I practiced very well on the Sunday and the Tuesday before. However, I could feel I was anxious about the tournament. I wasn't "numb" like I like to be. "Numb" is my description of how clear my mind can get and my body feels ready for competing - this feeling allows me to play pool against the best of them.
I didn't feel good mentally going into the tournament for some reason - and these are some of my worst fears - when I can't turn off the anxious feeling and can't turn ON the numb feeling. Even though I knew I was playing well, I could feel a sense of uneasiness about how I would play in the tourney. It's very difficult to describe.

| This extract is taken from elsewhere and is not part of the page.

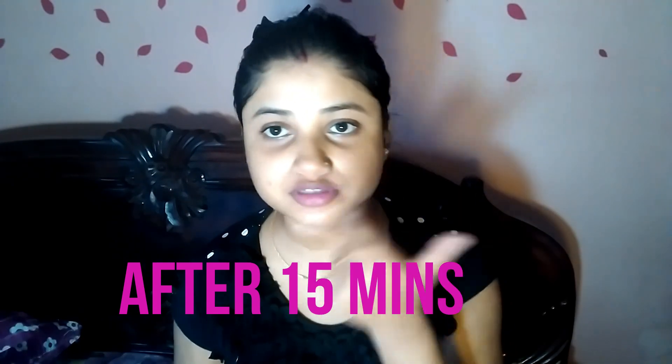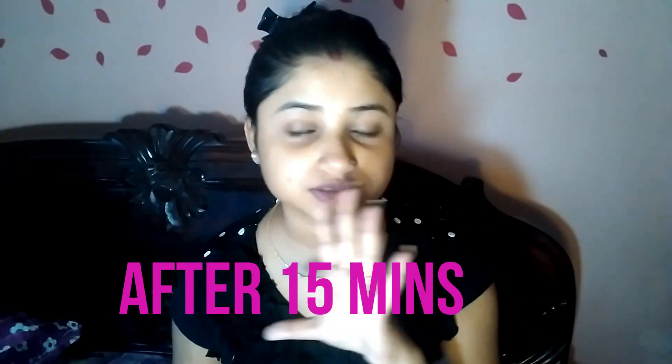I will apply the pack and leave it on the skin. After 10 to 15 minutes, wash the skin off. After washing my face, my face looks good.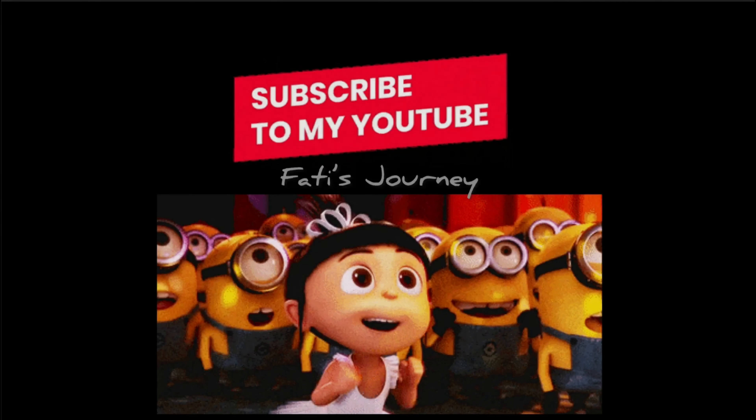Don't forget to subscribe to my YouTube channel, Fatty's Journey. Thanks for watching!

Overall I had a great weekend spending time with a lot of my friends, but my play was disappointing. I got frustrated, played bad, got upset a few times, etc. I would come with some great shots, but did not get out a lot. :(
I lost my first match hill hill and I feel I should have won the match. I was up 5-2 or 5-3 and the fast table admittedly hurt my thin cuts and I scratched a lot at crucial points. Then I have to come from behind to win my next match and barely win. I was on the stream table and enjoyed that part, but I almost saw before my eyes myself go out-in-two when I was down 5-3. Eeeek!
Me on Saturday
My next match is when I encounter Pam, but I also encounter a tough opponent who wanted to win badly and she outplayed me as I faltered as my shotmaking was not up to par this day.
After the match, I am pretty upset. It ends on a sour note as I think a foul was committed but no ref was there. I was down 6-4 anyway but still, after playing bad, dealing with Pam, losing, etc., it just made the whole loss that much tougher. A few very nice friends who I hadn't seen in a long time tried to talk to me after the match about my Mom and how I was doing and it was SO tough to be in a decent conversation because I hadn't cooled down yet. I needed to step outside and literally cool off in the hot sun, lol, but I didn't want to be rude. So, I calmly explained what was going on and admitted, "if I had played better I wouldn't be this upset." But I kept talking and tried to be calm as I updated them on my little life.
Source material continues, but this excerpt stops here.